Creamy Chicken and Wild Rice Soup
This is a supremely filling, hearty soup. Seriously, such a versatile and easy soup that you can add just about anything in the pot and it tastes fabulous. Today is a cold, blue sky day and I am serving this soup with a loaf of homemade bread.
Hints: this is perfect soup for leftover rotisserie chicken or chicken you've pulled from the bone after making homemade chicken stock. I have also used turkey leftovers that turned out well, too!
This soup also makes for great leftovers, but you might want to thin it slightly with skim milk or water when reheating.
- 2 cups water
- 4 cups chicken broth
- 2 cooked, boneless chicken breast halves, shredded
- 1 (4.5 ounce) package quick cooking long grain and wild rice with seasoning packet
- salt (to taste)
- fresh ground black pepper
- 3/4 cup all-purpose flour
- 1/2 cup butter
- 2 cups heavy cream (or use skim milk, half-and-half, or even Cream of Crud-whatever soup)
- extra ingredients as desired
In a large pot over medium heat, combine broth, water and chicken.

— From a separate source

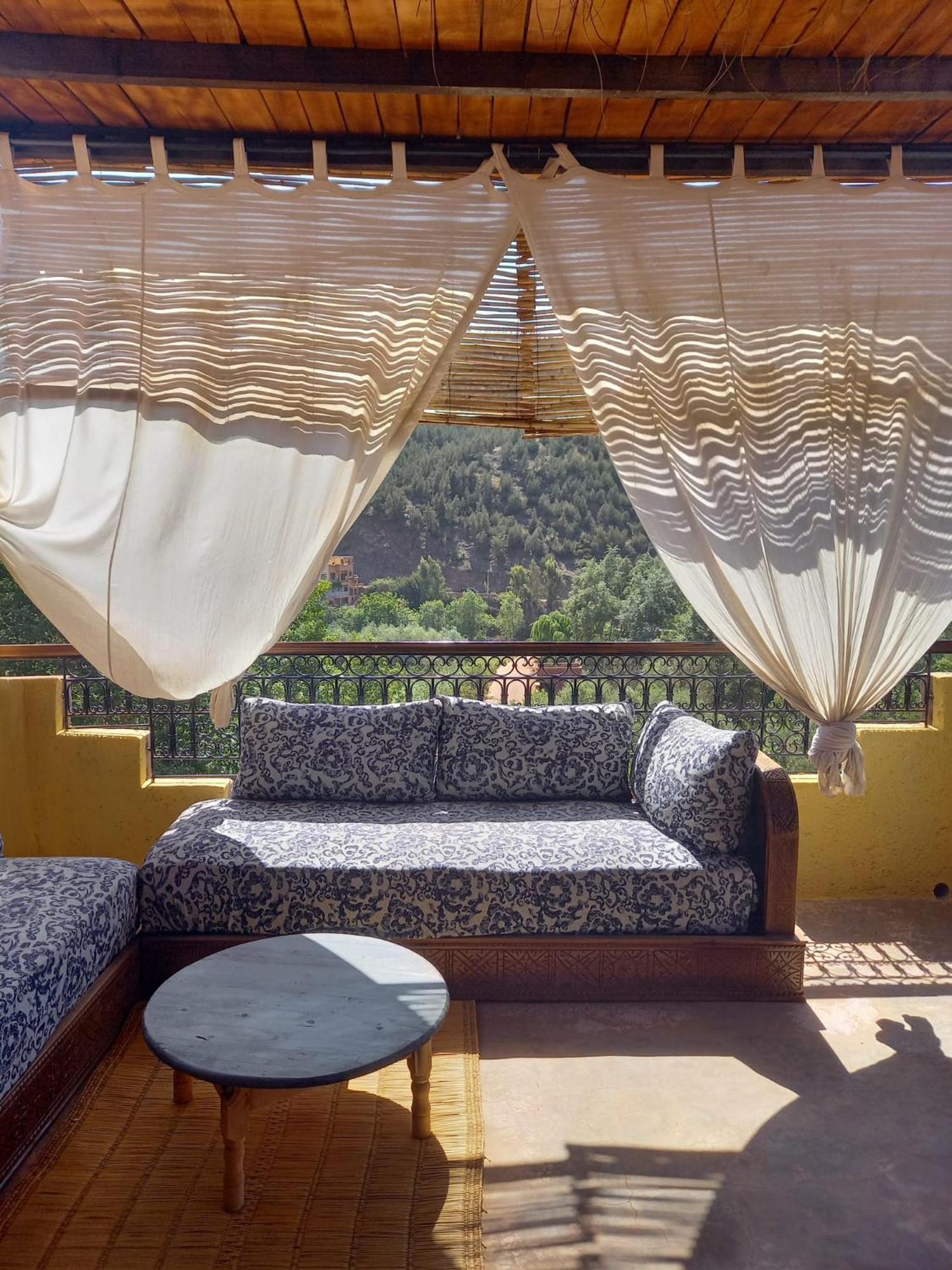 Ourika Timalizene Le Jardin Des Delices Hotel Tamezindert Bagian luar foto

Bring just to boiling, then stir in rice, reserving seasoning packet. Cover and remove from heat.
In a small bowl, combine salt, pepper and flour. In a medium saucepan over medium heat, melt butter. Stir in contents of seasoning packet until mixture is bubbly. Reduce heat to low, then stir in flour mixture by tablespoons, to form a roux. Whisk in cream, a little at a time, until fully incorporated and smooth. Cook until thickened, 5 minutes.

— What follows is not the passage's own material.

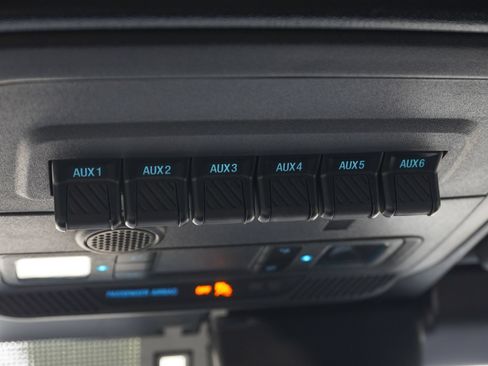 Used 2026 Ford Bronco Badlands AWD/4WD image 25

Stir cream mixture into broth and rice. Cook over medium heat until heated through, 10 to 15 minutes.
Extras: for some delicious variations try adding some carrots, celery, mushrooms, cilantro, onions, white or yellow corn, broccoli, or even some fresh garlic. I have also added cheese to the roux if you are in the mood for a cheesy soup.